#### Exercise directions
For the records below, copy exactly the span that begins at the line containing "36 Britton Avenue - Photo Thumbnail 8" and stops after the line containing "Friendship Cabina |", minus any pictures.

#### Provided material
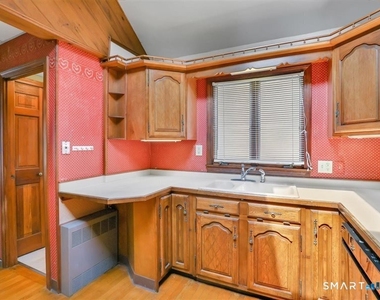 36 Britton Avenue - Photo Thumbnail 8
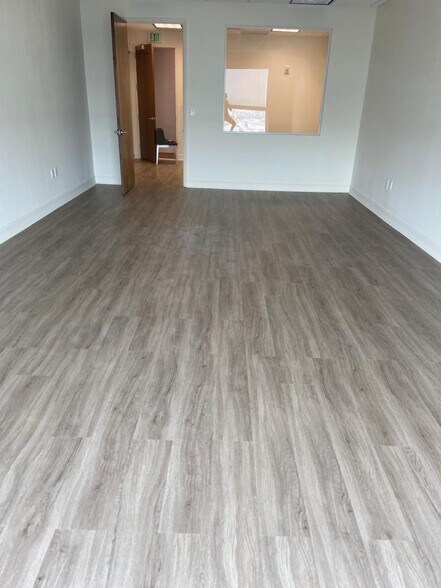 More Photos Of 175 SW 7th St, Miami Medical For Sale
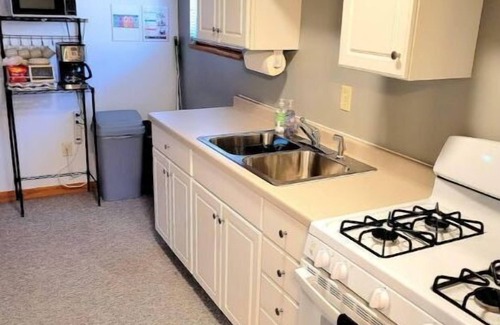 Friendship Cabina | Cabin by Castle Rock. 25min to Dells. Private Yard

...

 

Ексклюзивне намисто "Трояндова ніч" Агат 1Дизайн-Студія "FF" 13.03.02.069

* * *

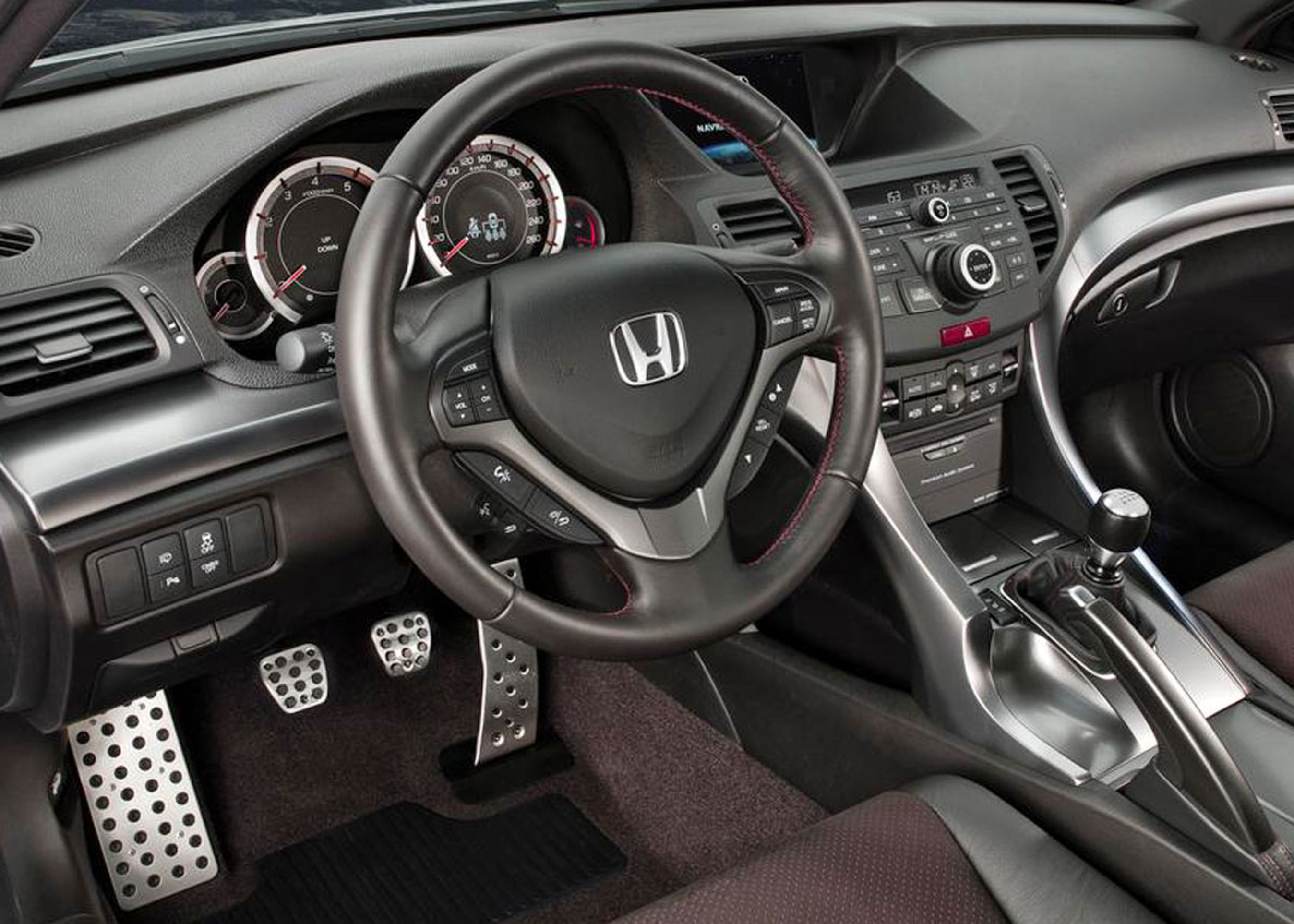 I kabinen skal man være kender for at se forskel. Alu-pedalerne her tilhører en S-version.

#### Answer to this problem
 36 Britton Avenue - Photo Thumbnail 8
 More Photos Of 175 SW 7th St, Miami Medical For Sale
 Friendship Cabina | Cabin by Castle Rock. 25min to Dells. Private Yard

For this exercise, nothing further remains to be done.